The very definition of deliverance is characterized by juxtaposed perceptions. The process of asking or being released conflicts with the promise of taking freedom on an ontological level. The nullifying positionry which the portrayal of deliverance enacts suggest an underlying complexity afflicting the possibility of simplicity in the evocation of deliverance.
Deliverance as a term is an assemblage of interconnected matrices informed by pervasive structures determining the thinkable, thus incorporating amalgamations of passive, active, and neutral states of being. Situations which require or presume the need to evoke deliverance are spaces of intersecting hierarchies coupled with consequent struggles for spaces lacking the definitive oppressions of existing hierarchies.

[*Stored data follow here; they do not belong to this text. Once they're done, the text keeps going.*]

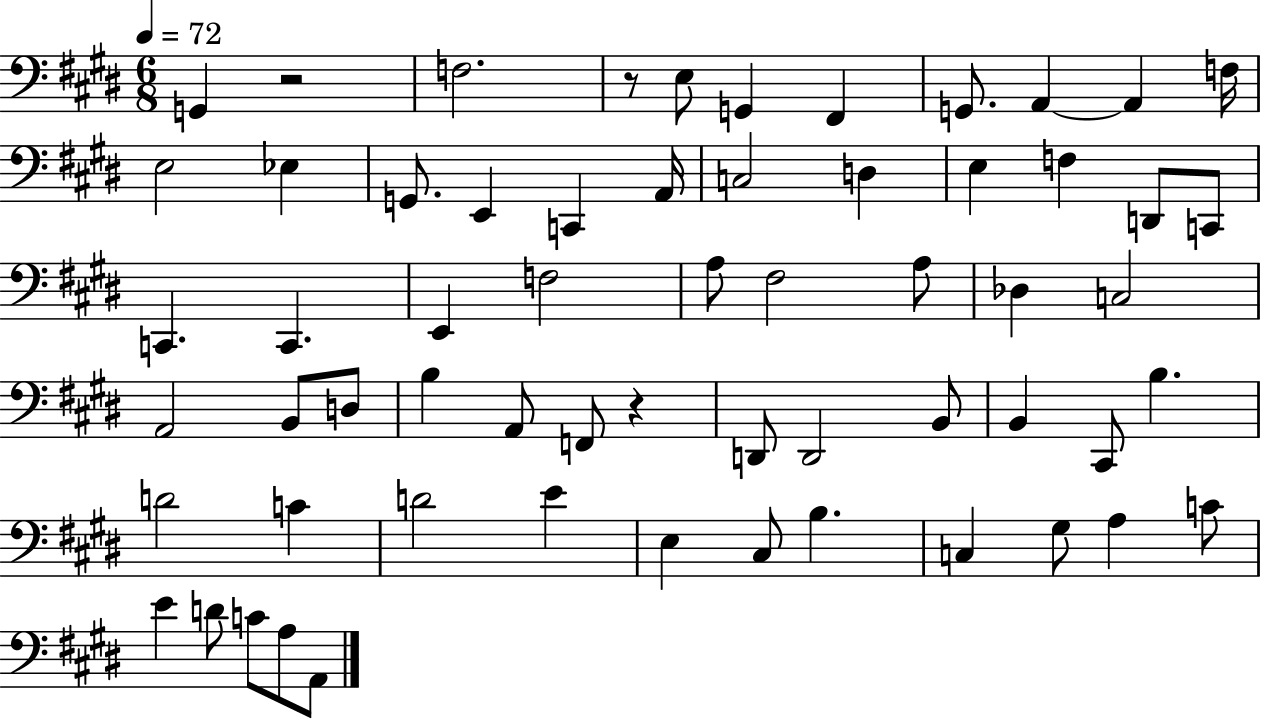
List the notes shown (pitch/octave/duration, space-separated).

G2/q R/h F3/h. R/e E3/e G2/q F#2/q G2/e. A2/q A2/q F3/s E3/h Eb3/q G2/e. E2/q C2/q A2/s C3/h D3/q E3/q F3/q D2/e C2/e C2/q. C2/q. E2/q F3/h A3/e F#3/h A3/e Db3/q C3/h A2/h B2/e D3/e B3/q A2/e F2/e R/q D2/e D2/h B2/e B2/q C#2/e B3/q. D4/h C4/q D4/h E4/q E3/q C#3/e B3/q. C3/q G#3/e A3/q C4/e E4/q D4/e C4/e A3/e A2/e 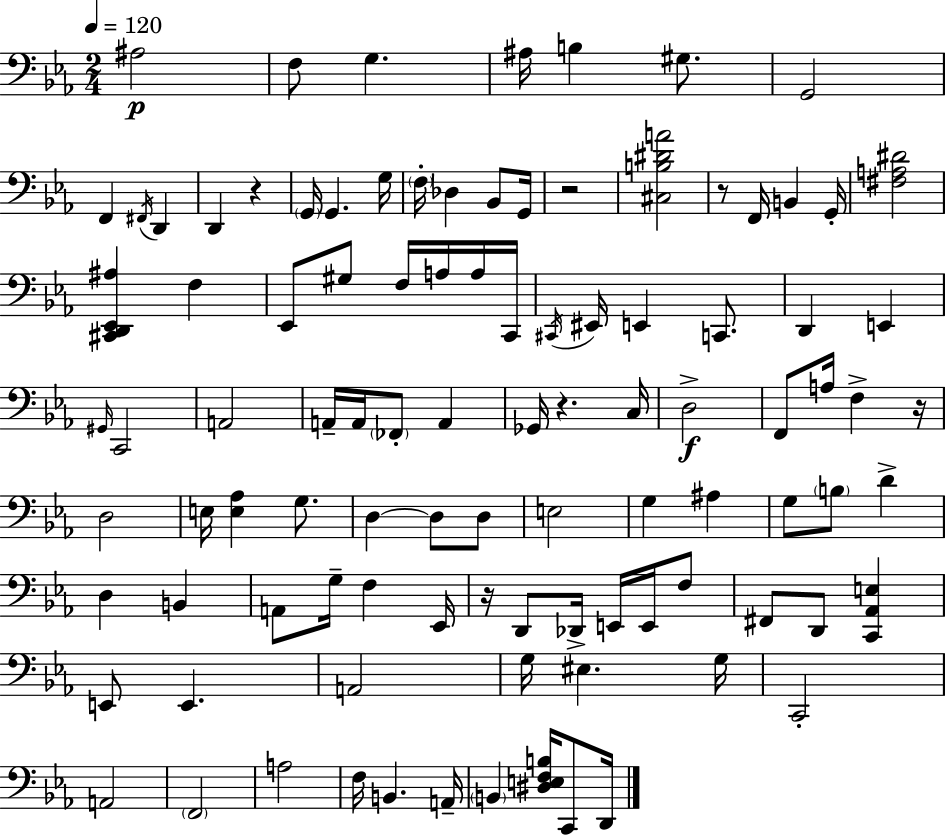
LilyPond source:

{
  \clef bass
  \numericTimeSignature
  \time 2/4
  \key c \minor
  \tempo 4 = 120
  ais2\p | f8 g4. | ais16 b4 gis8. | g,2 | \break f,4 \acciaccatura { fis,16 } d,4 | d,4 r4 | \parenthesize g,16 g,4. | g16 \parenthesize f16-. des4 bes,8 | \break g,16 r2 | <cis b dis' a'>2 | r8 f,16 b,4 | g,16-. <fis a dis'>2 | \break <cis, d, ees, ais>4 f4 | ees,8 gis8 f16 a16 a16 | c,16 \acciaccatura { cis,16 } eis,16 e,4 c,8. | d,4 e,4 | \break \grace { gis,16 } c,2 | a,2 | a,16-- a,16 \parenthesize fes,8-. a,4 | ges,16 r4. | \break c16 d2->\f | f,8 a16 f4-> | r16 d2 | e16 <e aes>4 | \break g8. d4~~ d8 | d8 e2 | g4 ais4 | g8 \parenthesize b8 d'4-> | \break d4 b,4 | a,8 g16-- f4 | ees,16 r16 d,8 des,16-> e,16 | e,16 f8 fis,8 d,8 <c, aes, e>4 | \break e,8 e,4. | a,2 | g16 eis4. | g16 c,2-. | \break a,2 | \parenthesize f,2 | a2 | f16 b,4. | \break a,16-- \parenthesize b,4 <dis e f b>16 | c,8 d,16 \bar "|."
} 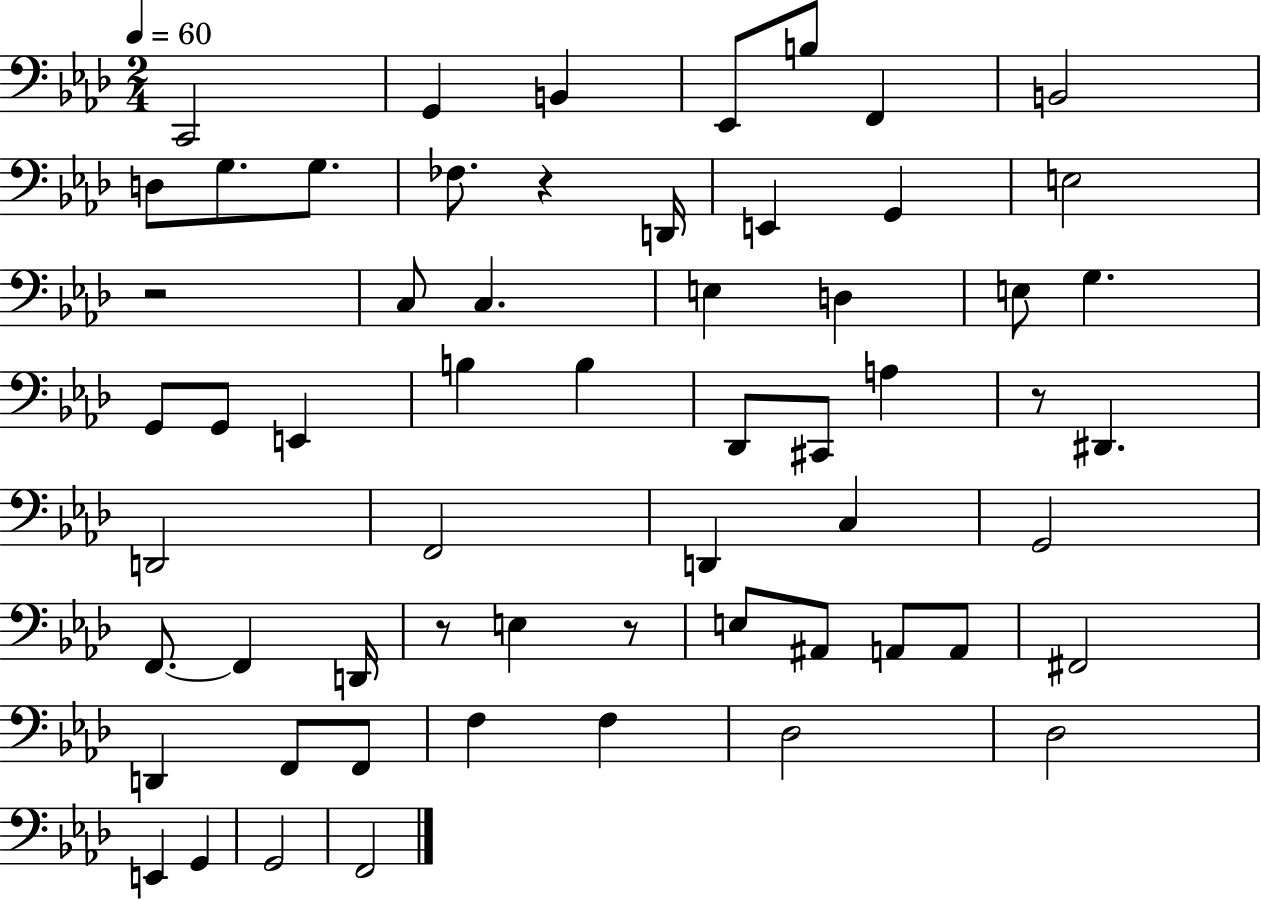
X:1
T:Untitled
M:2/4
L:1/4
K:Ab
C,,2 G,, B,, _E,,/2 B,/2 F,, B,,2 D,/2 G,/2 G,/2 _F,/2 z D,,/4 E,, G,, E,2 z2 C,/2 C, E, D, E,/2 G, G,,/2 G,,/2 E,, B, B, _D,,/2 ^C,,/2 A, z/2 ^D,, D,,2 F,,2 D,, C, G,,2 F,,/2 F,, D,,/4 z/2 E, z/2 E,/2 ^A,,/2 A,,/2 A,,/2 ^F,,2 D,, F,,/2 F,,/2 F, F, _D,2 _D,2 E,, G,, G,,2 F,,2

In The Stone Virgins Vera critically questions what it is to plead for deliverance and what it is to weave ones own deliverance in times of closing conflicts in Zimbabwe. At moments presenting her examples as nearly juxtaposed, while simultaneously suggesting the act of deliverance is the weaving of pleas for the forgotten and recreated. The term deliverance appears twice in The Stone Virgins the first occurs nearing the end of the war for Independence, the other at a time of growing calm ending the 1981-1986 civil conflict between ZANU-PF and ZAPU-PF. Touching upon segways in time, wrought with changed dreams and hopes of past and future, these memories intersect in the summons of deliverance. The request for answers and calm winds through the yellow grasses.
Deliverance is introduced in the context of Thandabantu store. Kezi’s general goods shop, a perhaps common scene in the rural borderlands of Zimbabwe Rhodesia of the 1970s and 1980. “Thirsty, they plead for deliverance from the rows of warm Fanta bottles that have sat on the shelves for weeks, untouched.”(3) Underneath the dust of untouchability, lay the memories they starve for, “…of something they have left behind. Being absent witnesses, they seek knowledge about whatever it is that has happened in Kezi without their assistance.”(4) Without their assistance. But whose assistance? With the expectation of knowing, of describing a place the reader ought to touch through the panes of their own memories, Vera does not say whose assistance.
Vera’s unexplanation of those thirsting for a buried past, attempting to extract the rescue of soft bubbly fizz suggests the search for a common knowledge known by those who lived the liberation struggle. Specifically those that conventional liberation historiography has attempted to silence by monumentalizing impetuses. The mothers and children of the revolution who fought a quiet struggle lined with beatings and the smell of mealie-meal. The forgotten roles of armed women who donned pants and bore children with rifles in their arms. The tales of youth who left, returning to no assurances or access to provide for themselves in a landscape littered with the sharp edges of broken promises.
Coupled with the common stories spanning ‘post-struggle’ Zimbabwe is the unreachability of past. Like a new Fanta, the present is bubbly and fresh, at moments unbelievably real. Whereas the past yields a far away, less potent knowledge, as dreams turn to faint whispers. Alongside re-organizations of kinship and human possibility branded by the deterioration of the known laid expectations of returning to what was once normalcy. An expectation of return accompanied by the implementations of dreams ontologically grounded in mechanisms buried in dust and blood, unsown in the bewilderment that manifests itself in unexpected results.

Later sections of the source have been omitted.